◆ **Captioned web images**
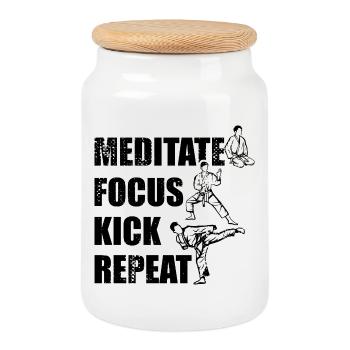Motivational karate saying - Cookie Jar with Wooden Lid - white - Front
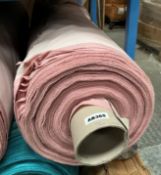 1 x 30-Metre Roll Of Linwood Luxury Velvet-Style Upholstery Fabric In Soft Blush Pink - Ref: AB366 -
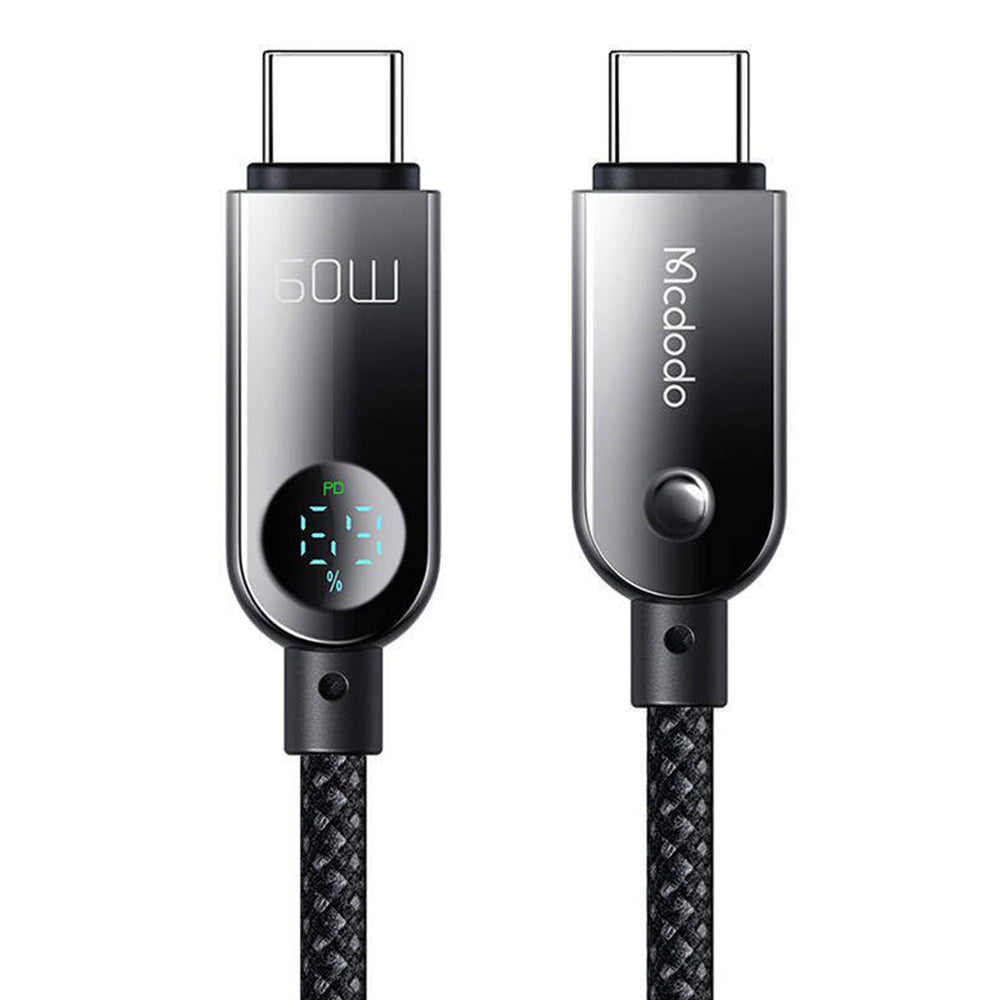 USB-C - USB-C McDodo CA-4780 Display Data- en Oplaadkabel, 60W, 1.2m, Zwart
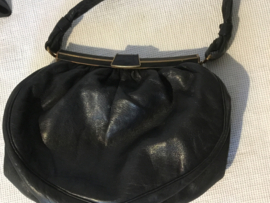 " comtesse " lederen art nouveau tasje , zwart leder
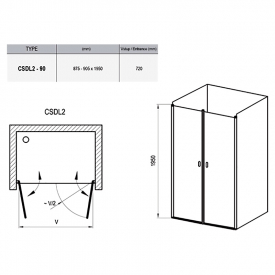 Душові двері CSDL 2-90 Transparent + білий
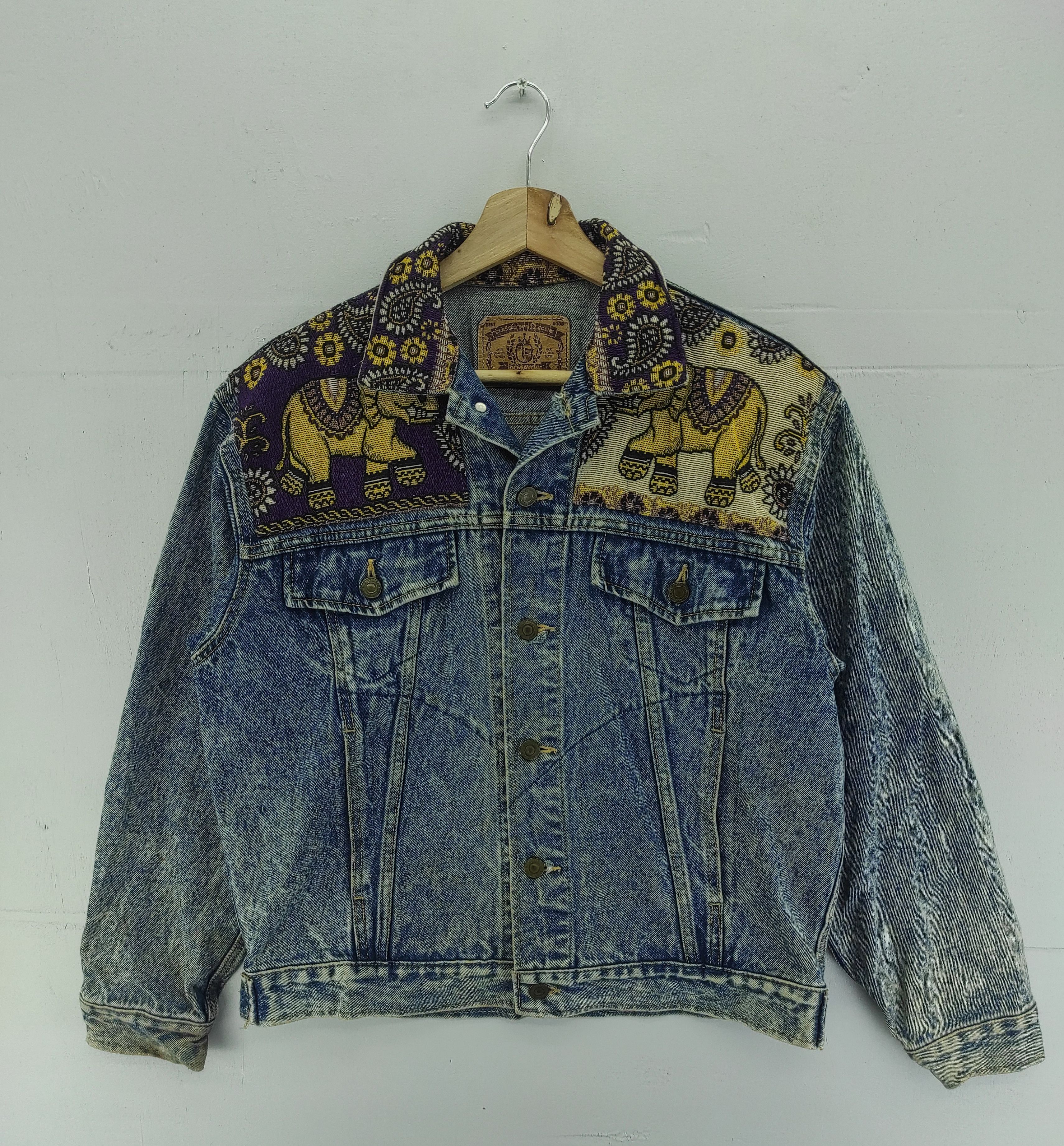 Other Vintage Denim Jacket Custom Elephant graphic Size US L / EU 52-54 / 3 - 2 Thumbnail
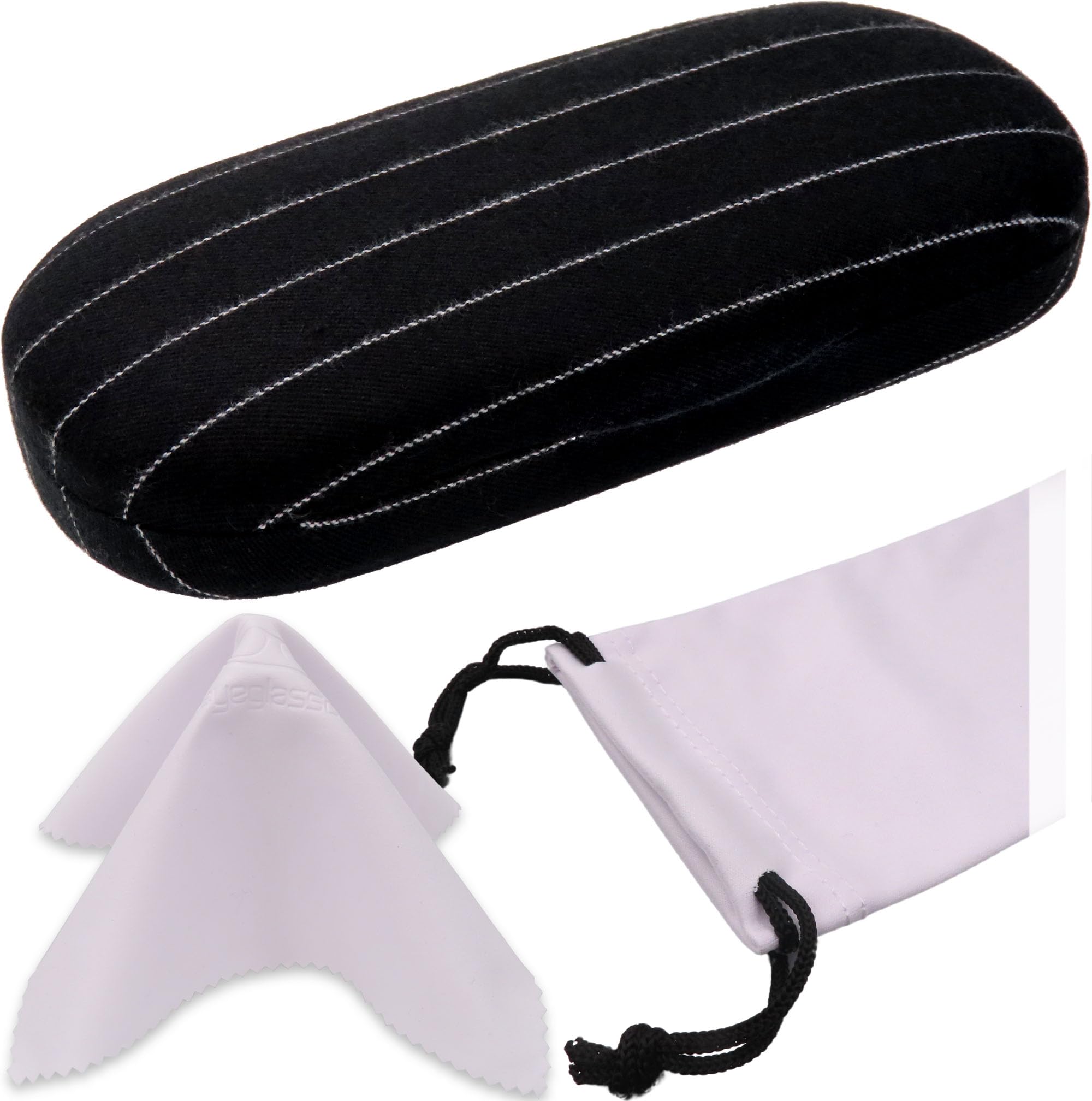 MyEyeglassCase Men's Medium Glasses Case - Classic Eyeglasses Hard Shell Holder, Elegant Easy Open Lip with Pouch and Cloth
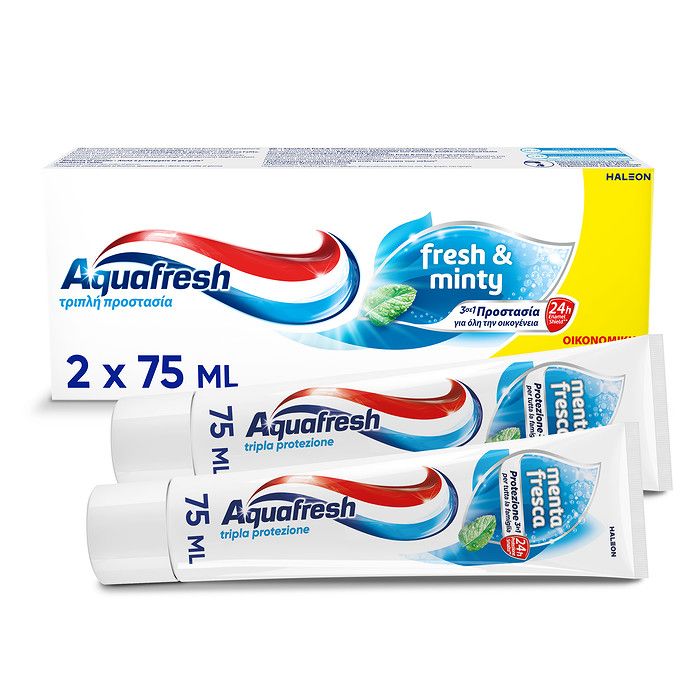Aquafresh Fresh & Minty, Οδοντόκρεμα 2x75ml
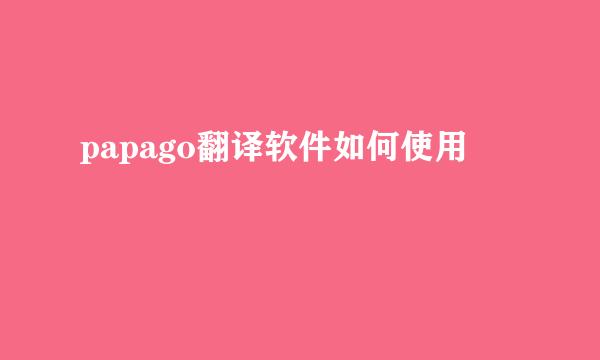 papago翻译软件如何使用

◆ **Action item**
In the records, the line containing "1 x 30-Metre" starts the span and the final line ends it. Output exactly that span, both ends included, with no pictures and nothing else.

◆ **Solution to the problem**
 1 x 30-Metre Roll Of Linwood Luxury Velvet-Style Upholstery Fabric In Soft Blush Pink - Ref: AB366 -
 USB-C - USB-C McDodo CA-4780 Display Data- en Oplaadkabel, 60W, 1.2m, Zwart
 " comtesse " lederen art nouveau tasje , zwart leder
 Душові двері CSDL 2-90 Transparent + білий
 Other Vintage Denim Jacket Custom Elephant graphic Size US L / EU 52-54 / 3 - 2 Thumbnail
 MyEyeglassCase Men's Medium Glasses Case - Classic Eyeglasses Hard Shell Holder, Elegant Easy Open Lip with Pouch and Cloth
Aquafresh Fresh & Minty, Οδοντόκρεμα 2x75ml
 papago翻译软件如何使用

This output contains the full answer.